Total and partial densities of states of BP–SiC vdW heterostructure (left panel) and the charge density difference (right panel).

The 3D isosurface of the charge density difference is illustrated in Fig. 5 (right panel). The yellow and cyan areas represent electron accumulation and depletion, respectively. One can observe that charges are transferred from the BP to the SiC layer. We further investigate the planar and plane-average electrostatic potential of the BP–SiC vdW heterostructure, as presented in Fig. 6(a and b), respectively. It is clear that the BP layer donates electrons to the SiC layer, leading to p-doping in BP and n-doping in the SiC layer. The total number of electrons transferred is determined by Bader charge analysis at the BP–SiC interface. It shows that about 0.015e is transferred from the BP to the SiC layer.[58]Fig. 6(b) shows the plane-average electrostatic potential of the BP–SiC vdW heterostructure along the z-direction. It is clear that the SiC layer has deeper potential than the BP layer, driving electrons to move from the BP to the SiC layer.

Fig. 6

(a) Planar and (b) plane-average electrostatic potential of BP–SiC vdW heterostructure.
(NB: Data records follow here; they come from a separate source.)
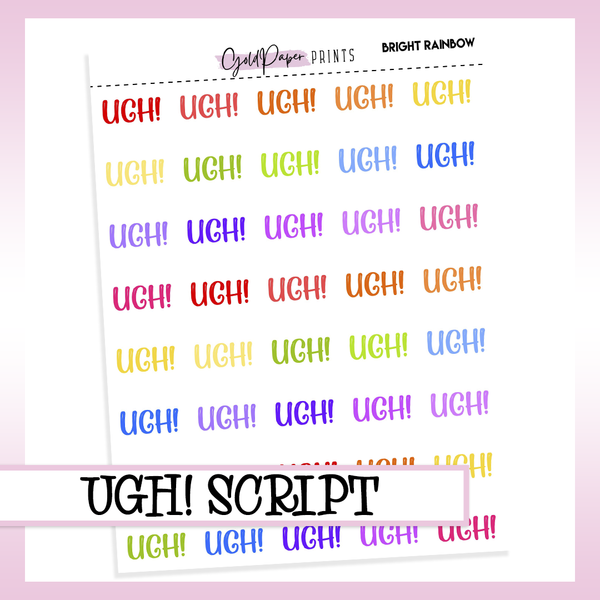 Ugh // Script Sheet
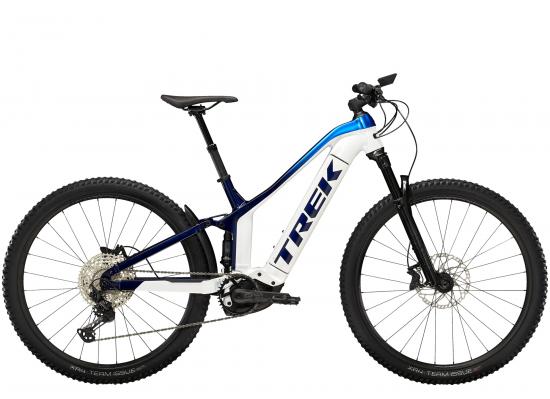 Trek Powerfly FS 7 Crystal White/Alpine-Dark Blue Fade - Größe: L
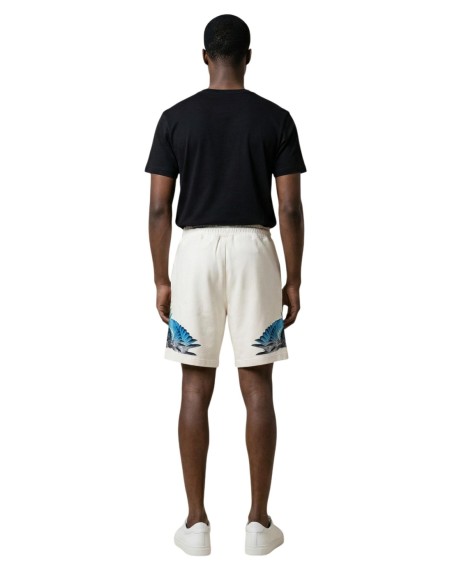 County Of Milan bermuda homme beige imprimé coton – Confort estival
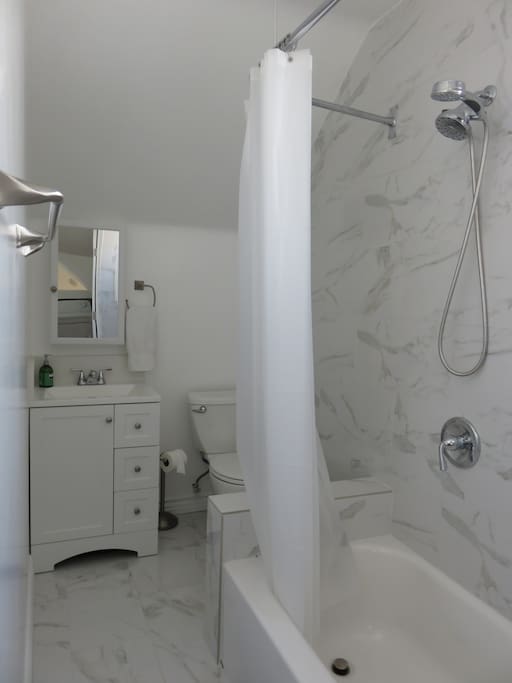 recently remodeled full size bathroom
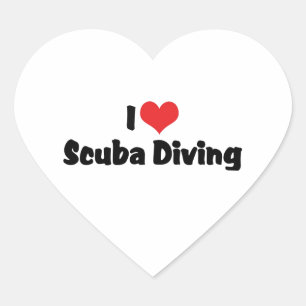 I Love heart Scuba Diving - Ocean Deap Sea Lover Sticker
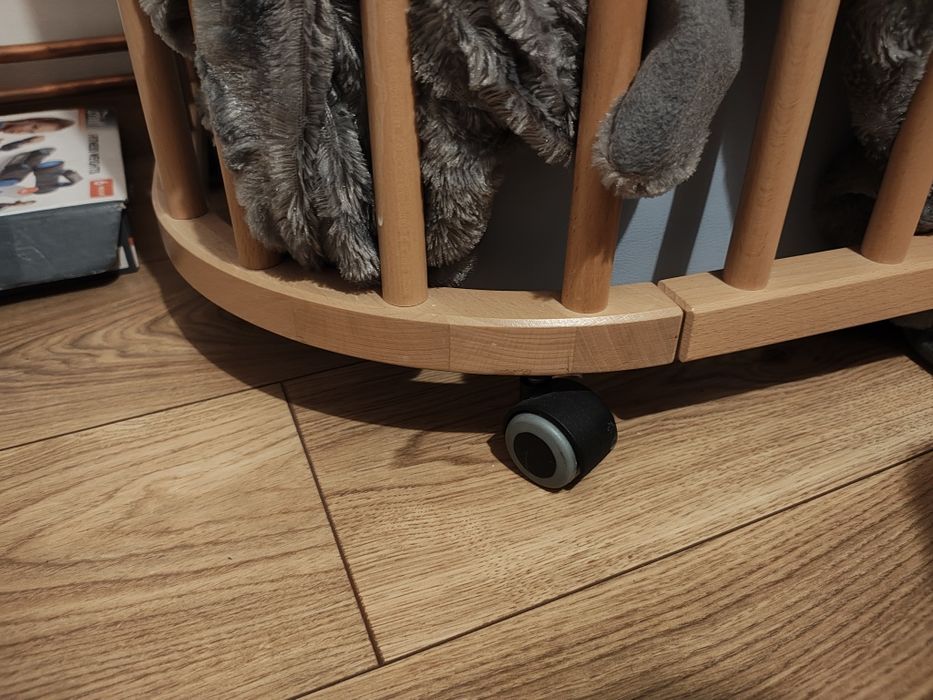 Łóżeczko dostawka dla dziecka Babybay Comfort + materac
In order to explore the optical properties of the BP–SiC vdW heterostructure, we calculate the imaginary part ε2(ω) of the dielectric function. The optical characteristics of materials can be understood through the absorption spectra. The dielectric function that estimates the response of a material to electromagnetic waves in terms of frequency, ε(ω), is expressed as ε(ω) = ε1(ω) + iε2(ω).

The dielectric function constitutes a real part, ε1(ω), and an imaginary part, ε2(ω). Fig. 7(a) presents the imaginary parts of the dielectric functions of the heterostructure and the constituent monolayers. We find that the imaginary part of the dielectric function of the BP–SiC heterostructure is larger than that of the individual BP and SiC monolayers. There are two distinguished peaks in the ultraviolet region (above 3.11 eV) and visible light region (1.61–3.11 eV) from the imaginary part of the dielectric function, indicating enhanced optical properties of the BP–SiC heterostructure compared with the constituent monolayers. The optical absorption of BP, SiC and the BP–SiC heterostructure is depicted in Fig. 7(b). The formation of the BP–SiC heterostructure leads to an increase in the intensity of optical absorption compared to that of both the BP and SiC monolayers. The intensity of optical absorption can reach up to about 105 cm−1. Therefore, it is obvious that the BP–SiC heterostructure acts as a high-performance absorber of sunlight, which is useful for attaining high-efficiency photocatalysts.

Fig. 7

(a) Imaginary parts of dielectric functions and (b) optical absorption as a function of photon energy of BP, SiC and BP–SiC heterostructure.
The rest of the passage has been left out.